Apparently frozen for moments in time, the precision Zhang and Randall bring to their performance commands audience attention. Appearing to contain the air in each moment of this outstanding work, the materialised energy of Zhang’s choreography presents a striking questioning of the shape and perspective we bring to our relationship with the world.
La Valse by Moana Nepia
Wheel of fortune…
Inspired by Ravel’s music of the same name, Nepia’s La Valse evokes a playful intersection of chance and the cyclical forces of nature.
Opening with a powerful stage-wide circle of floor-bound dancers, Nepia’s human roulette creates a heady sense of the music as dancers rise and fall with its scaling rhythms. The oscillating sense of magical, light-footed query and contrasting dramatic weight is further reflected in the dancers’ movement as they are played upon and stretched between the imaginary forces of nature.
Dance energies amalgamate as Pan – or Puck? – bewitches in rapid tryst and fracas with dancers’ flying couplings promptly dissolved to reconstitute in yet another form. An abstract reference to nature is also found in the lighting design, inspired by the colour field paintings of Mark Rothko.
The most balletic of the works in the Showcase, Nepia’s La Valse provides a challenge, demanding precision, speed and expressive articulation in order to inhabit the choreography with the force of the music. This challenge is admirably taken up by animated and charged dancers as they strive to pre-empt and surf the force of Ravel’s oceanic score.
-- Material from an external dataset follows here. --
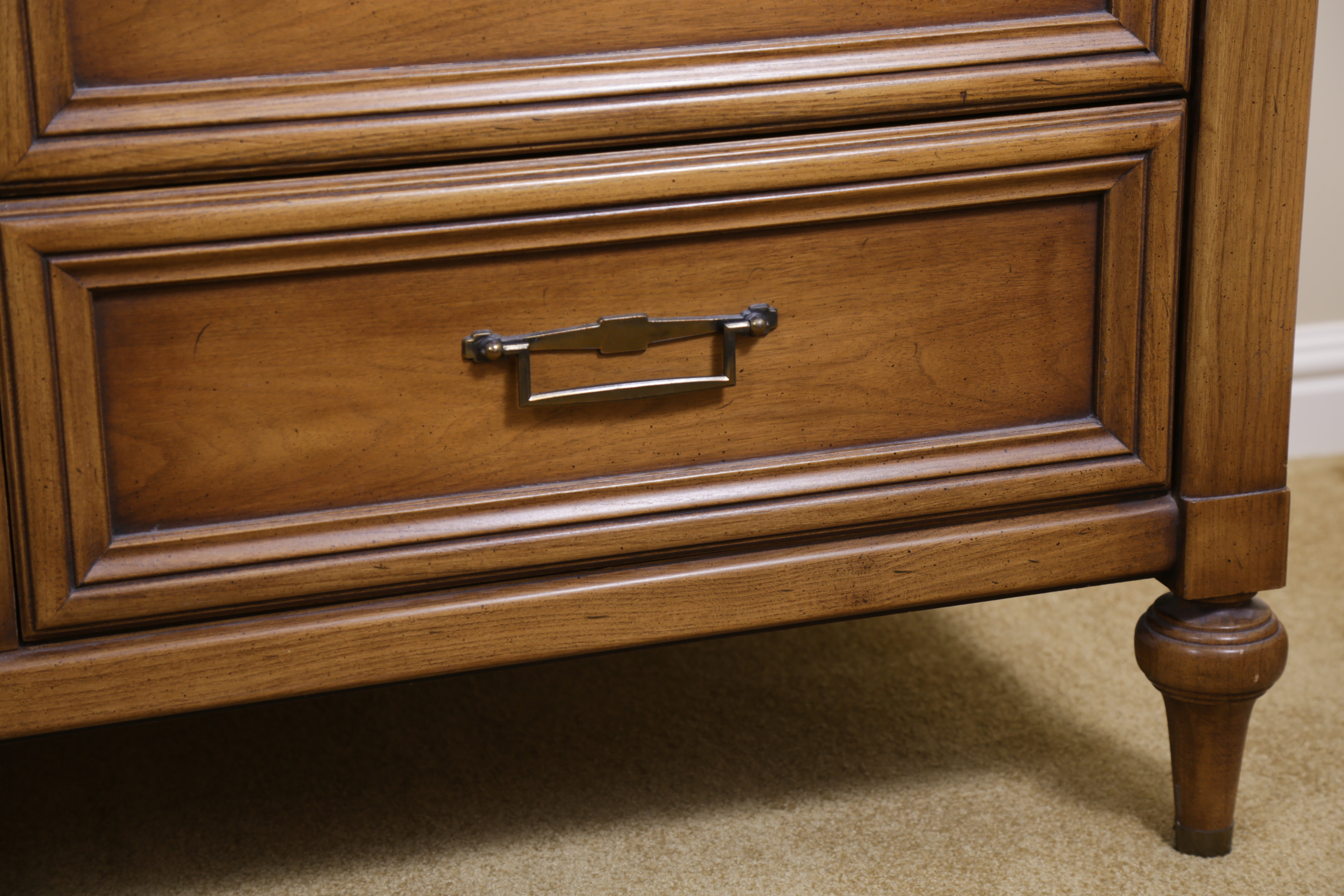 Vintage Butternut Dresser by White Furniture Company With Mirror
Those Left by Shona McCullagh
Gothic revival in more ways than one…
As a swaying wall of grey hooded figures pulses ominously upstage, I realise it’s a critical mass in more ways than one as Gorecki’s Quasi una Fantasia draws me hypnotically into Shona McCullagh’s choreographic spell.
Like a dusty flower caught in a single stream of light cutting through the gothic gloom, Hannah Tusker-Poland peels away and departs for downstage. As she approaches, something about her jet black hair and the uncensored challenge of her facial expression makes me wonder if Those Left has been created solely for this dangerous and distracting bloom…
A dark sensuality and macabre movement vocabulary distinguishing Those Left is beautifully accentuated by the partially revealing nature of the costumes in this work. This effect is complemented by McCullagh’s comic use of time as, with a touch of The Bride of Frankenstein, a ‘gothic revival’ is enacted in a number of ways throughout the work.
I am much impressed by this choreographic trick of turning things on their head, as well as the collapsed cadavers’ special effect of springing back to life via a playful inversion of the human form, respectively as architectural spire and gothic arch.
High praise for this captivating, youthful work as it concludes the 2008 Showcase in an unexpected and delightful style.